Today is my father’s birthday. (Well, I suppose technically it was yesterday.)

Honestly, I thought it would hit me more – the grief, I mean. I’m not sure why since I’ve never felt particularly sad on his birthday before. I guess I just thought that maybe since I’m going to counseling, I would be more vulnerable to the date. Instead, I thought about him sporadically throughout the day, but nothing really heavy hitting or weep inducing (for which I am grateful).

It’s been almost four years. Four years since I kicked my father out of my life for being a Grade A Asshole. 

Yet today, as I drive around in my car, I find myself thinking of all the things he brought into my life that I otherwise wouldn’t have been exposed to. Not bad things, either. Good things. Happy things. Things I still enjoy. 
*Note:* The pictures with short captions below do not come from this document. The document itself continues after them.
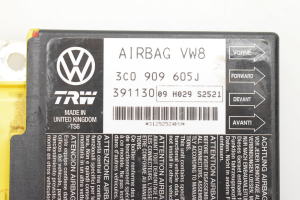 Volkswagen Passat B6 (2005–2010) Turvapadja moodul 3C0909605J - 2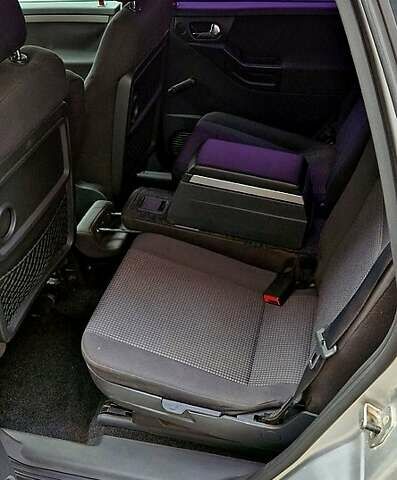 Серый Опель Мерива, объемом двигателя 1.6 л и пробегом 183 тыс. км за 3600 $, фото 8 на Automoto.ua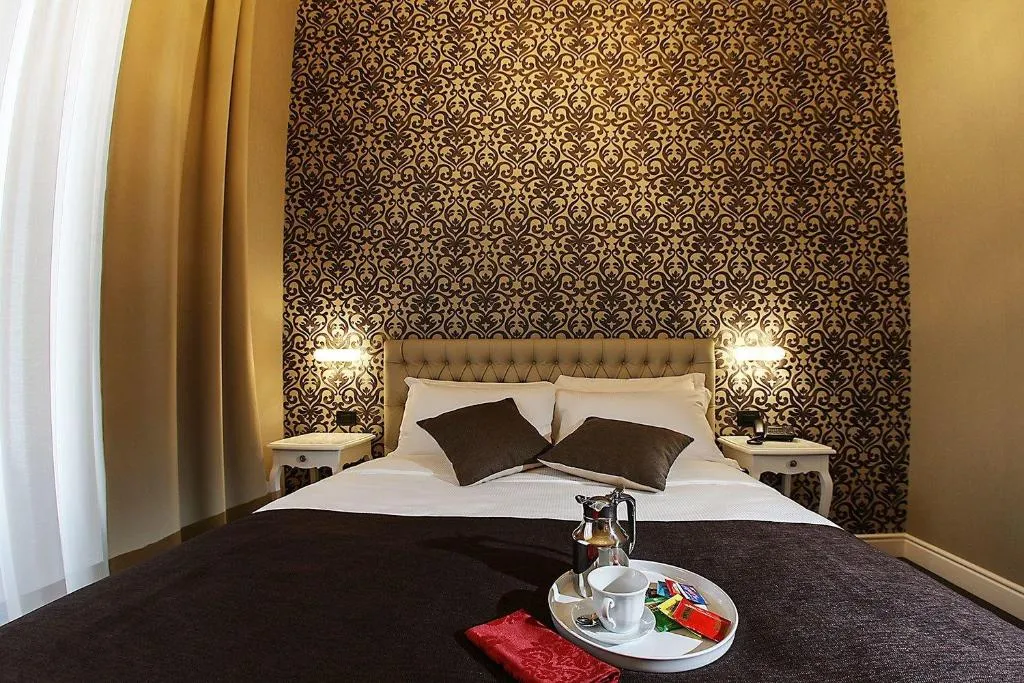 Room, Villa San Martino, Naples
I think of him while listening to Scheherazade by Rimsky-Korsakov or Pavarotti and remember listening to this symphony and many others like it in the van while on road trips. 

I think of him when I play mah jong with friends late into the night. I remember him teaching me, my brother, and family friends how to play mag jong and Napoleon and Hearts and poker. He was a lot of fun. 
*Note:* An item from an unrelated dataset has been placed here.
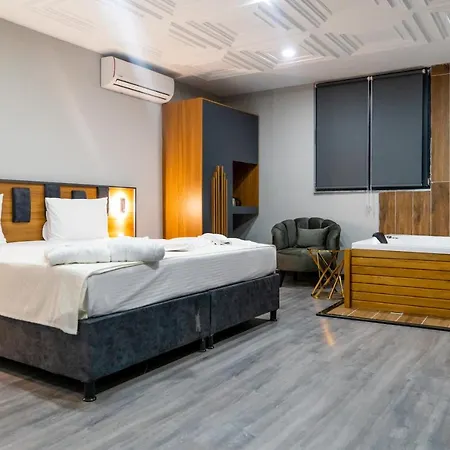 Otel Grand Moon *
I think of him when I take the kids cherry picking and remember all the times he took my family cherry, apricot, and peach picking as we all piled into our old Family Wagon van. 

I think of him when I rush to Glow Worm’s side after he gets a nasty cut and remember the time I cut my finger while chopping okra and he ran to my side as soon as he saw blood. 
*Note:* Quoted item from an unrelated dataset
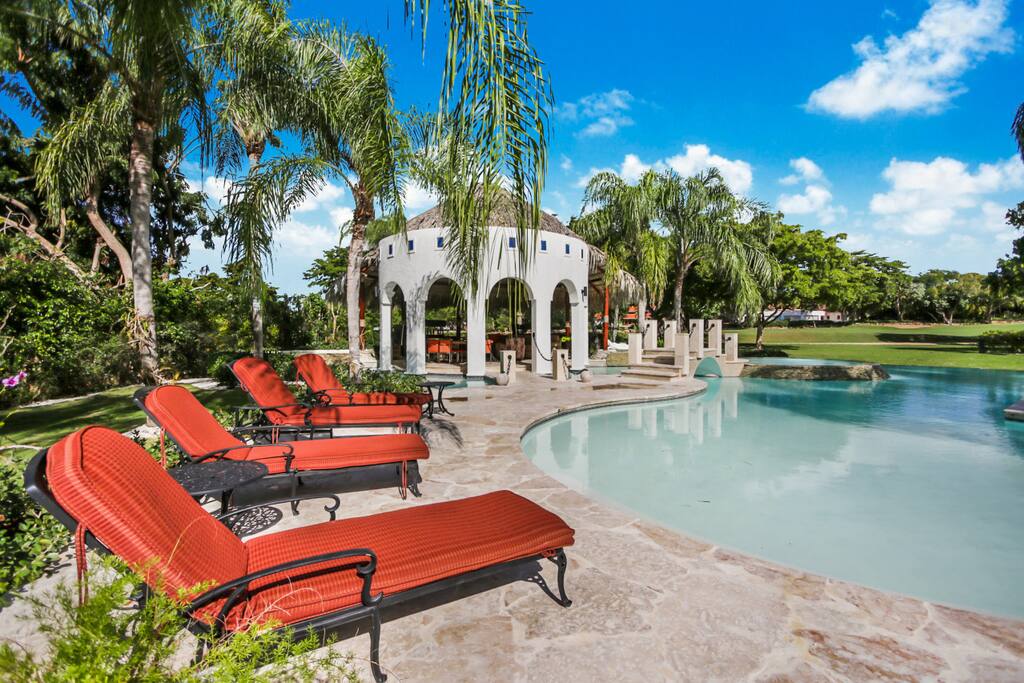 Villa de Los Sueños: poolside sun loungers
I hear him when I make non-committal grunts at the children or make joking noises and pull silly faces at them. 

The memories are soft and half-focused. Almost like a forgotten time. 

I wonder if I should tell my kids more about my father than “He was a bad man.” Because truthfully, He wasn’t always bad. He could be kind and sweet and loving. He could be the life of the party and so much fun. He taught me to enjoy games and family traditions. A lot of the traditions I want to pass down are things he did with us.

I wonder why it is that neither Hapa Papa or I tell stories about when we were little. Stories about ourselves or our parents. We should start doing that more. The kids love stories about us or themselves or their grandparents. They make it part of their stories. 

I wonder if I am betraying my mother by telling the kids some nice things about my father. Or if I will need to always append the good stories with “but he was a bad man.” 

But he was a pretty good guy some of the time. Just not enough. Not good enough. And not what we deserved. 

I want my kids to know that people who are bad for them can be good, too. That good and bad can exist all in one person. And that the people who are sometimes the worst for you happen to be people you love – and love deeply. 

And that sometimes, out of love for yourself and other people you love, you have to cut off and out the people who are terrible to and for you. 

I wonder if my remembering my father in some fond memories is a good, bad, or a neutral thing. 

I decide it is just a thing. 

Happy Birthday, Dad. I don’t know if you are happy or even if I want you to be happy. But there you go.